» **Data to use**
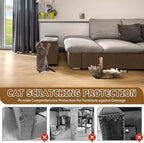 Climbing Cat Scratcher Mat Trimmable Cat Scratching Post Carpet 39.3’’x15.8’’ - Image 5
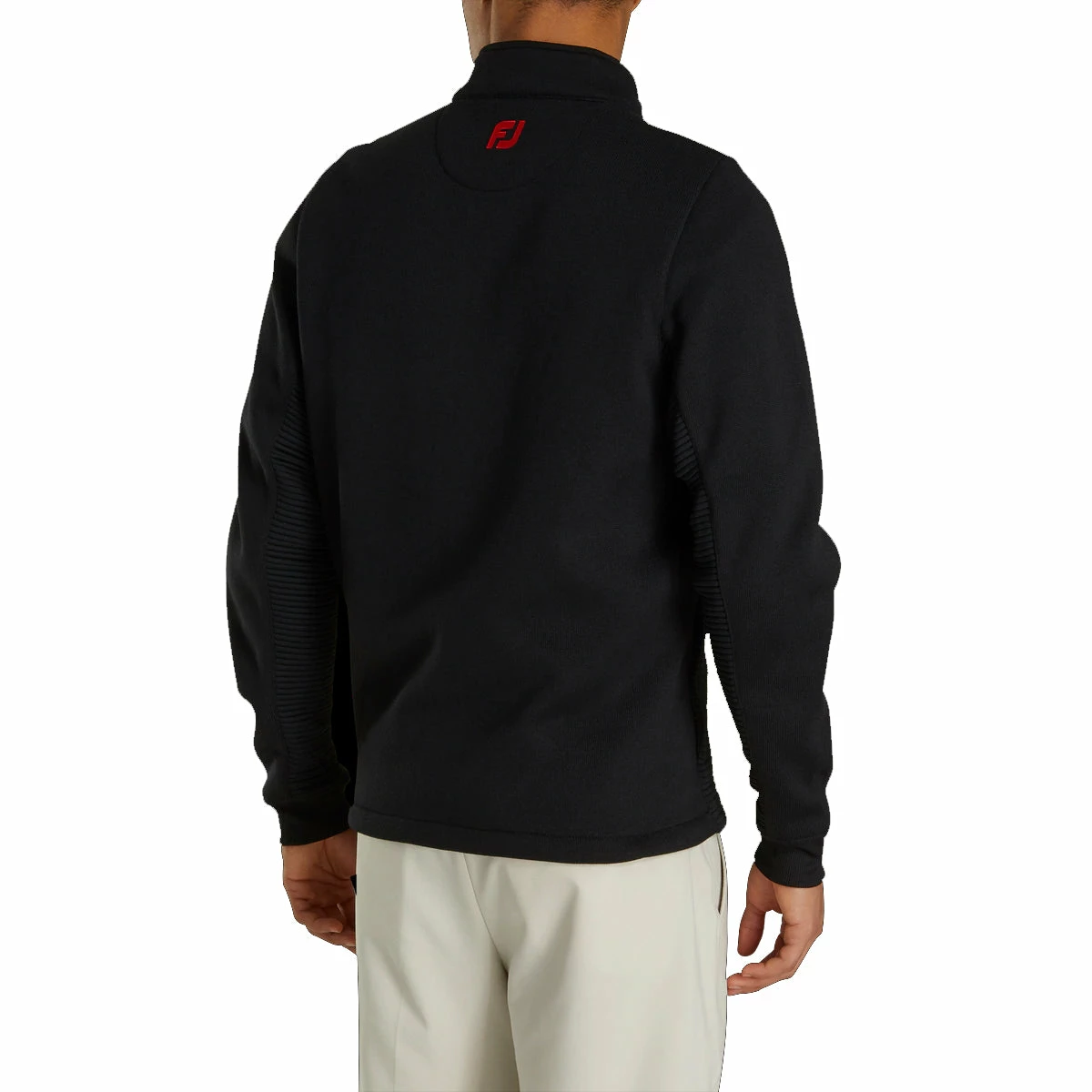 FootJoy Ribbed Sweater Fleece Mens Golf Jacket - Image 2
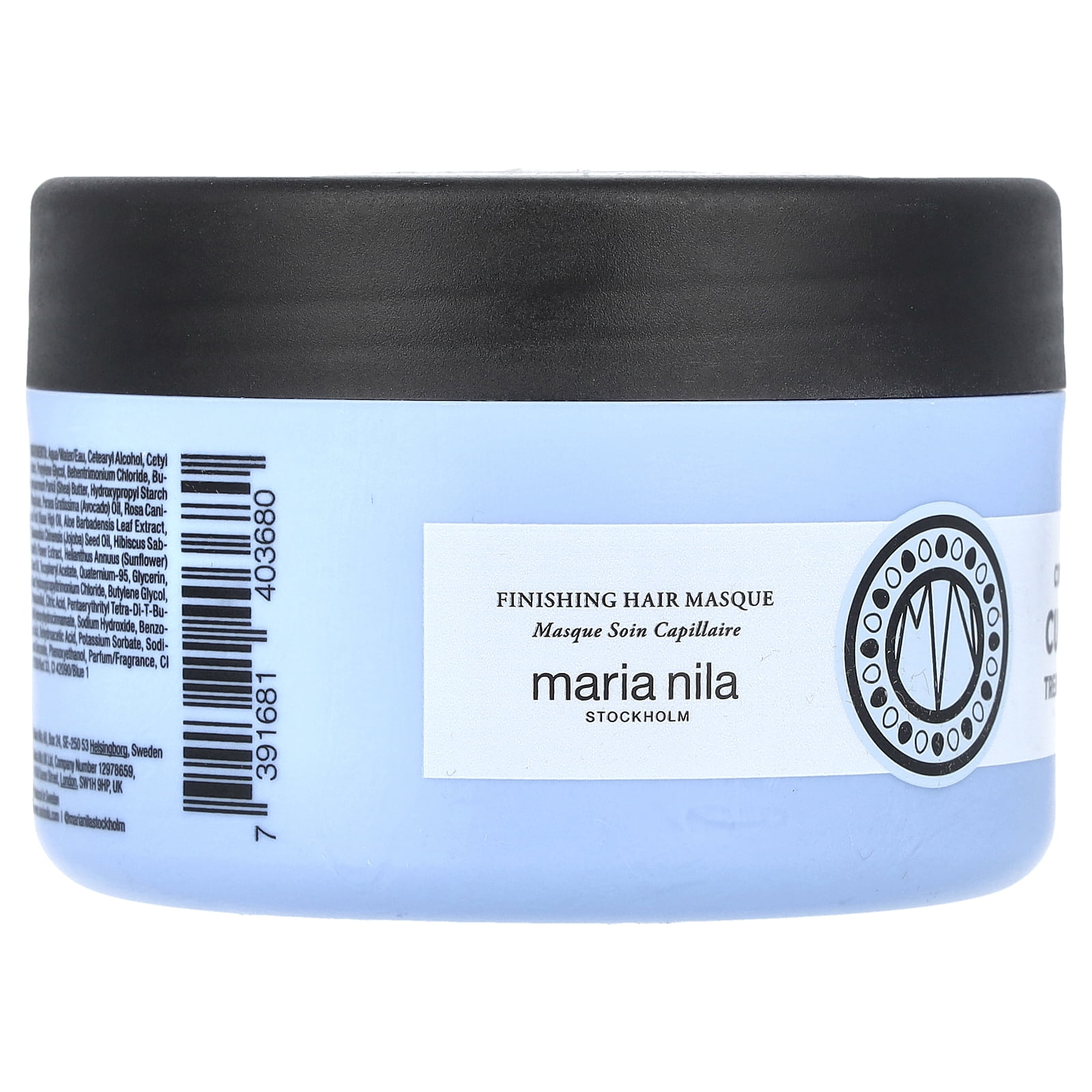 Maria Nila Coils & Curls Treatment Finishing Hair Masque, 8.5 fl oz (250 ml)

--

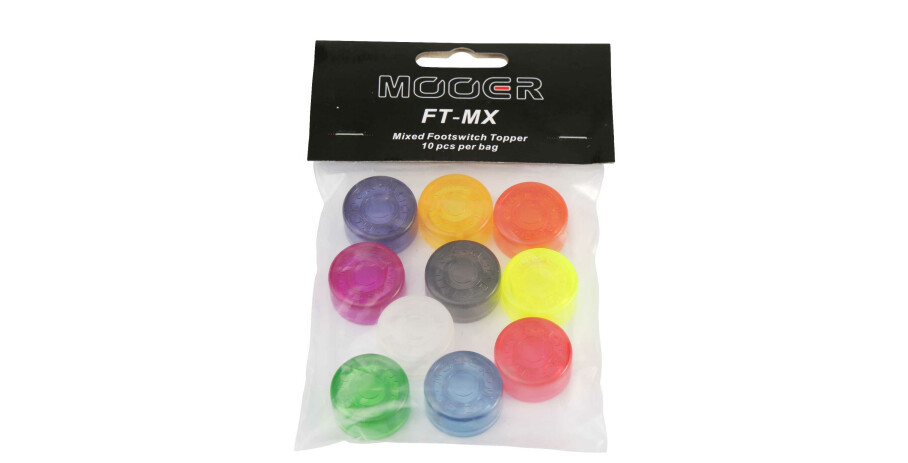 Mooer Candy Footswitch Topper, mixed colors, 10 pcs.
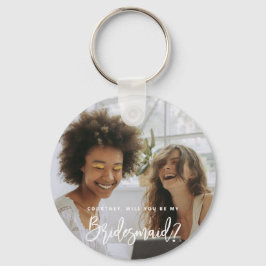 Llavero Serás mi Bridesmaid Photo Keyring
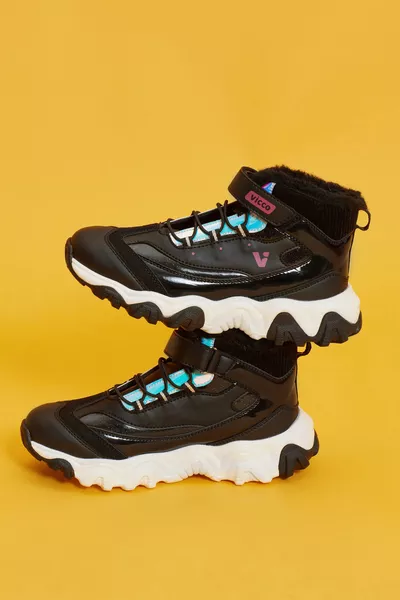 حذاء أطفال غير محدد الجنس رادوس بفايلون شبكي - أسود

* * *

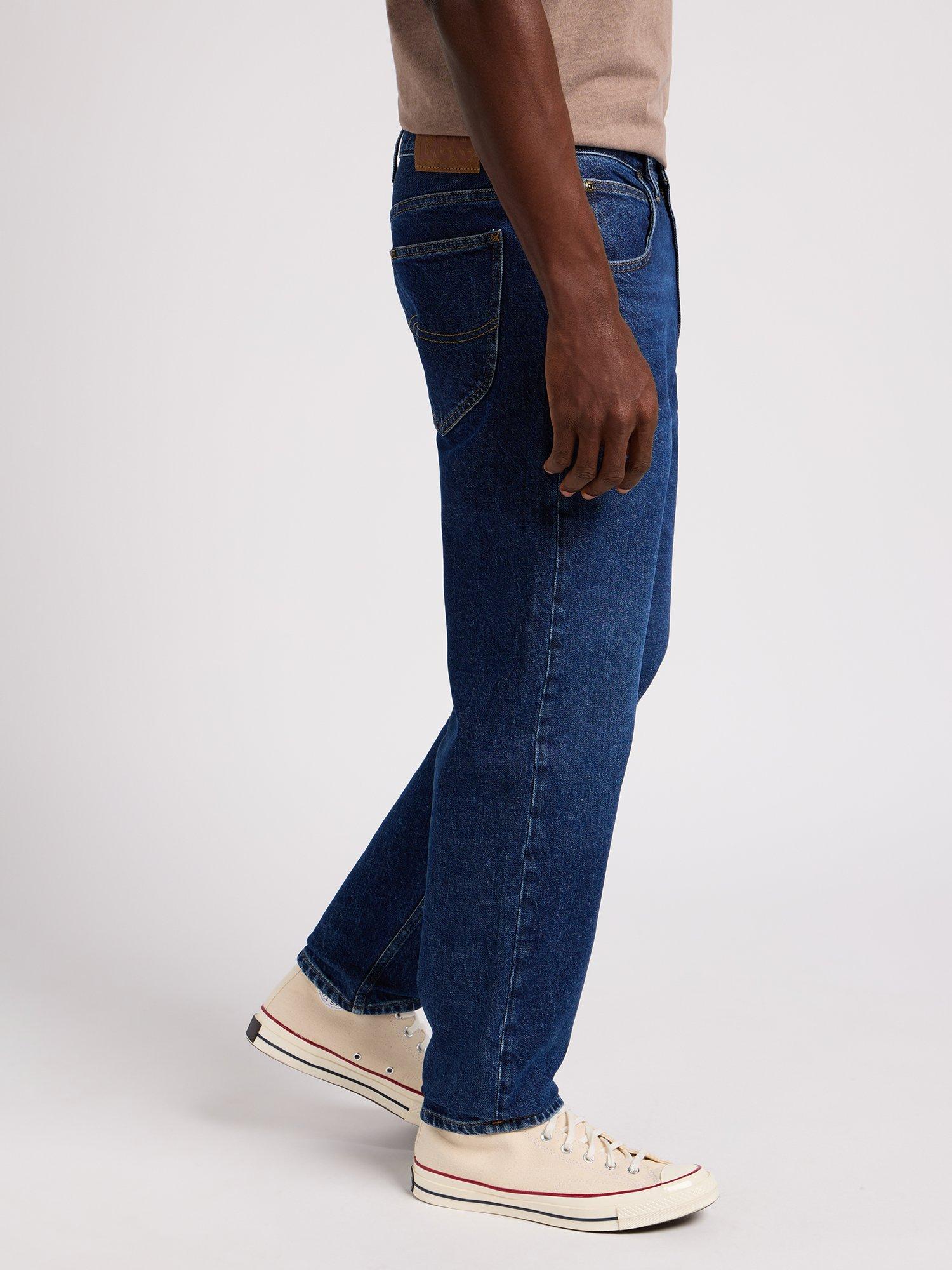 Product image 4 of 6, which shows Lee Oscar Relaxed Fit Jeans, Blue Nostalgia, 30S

» **Exercise**
Copy out the lines above from the line containing "Llavero Serás mi Bridesmaid Photo Keyring" through the line containing "حذاء أطفال غير", exactly, and keep the pictures out.

» **Written response**
 Llavero Serás mi Bridesmaid Photo Keyring
 حذاء أطفال غير محدد الجنس رادوس بفايلون شبكي - أسود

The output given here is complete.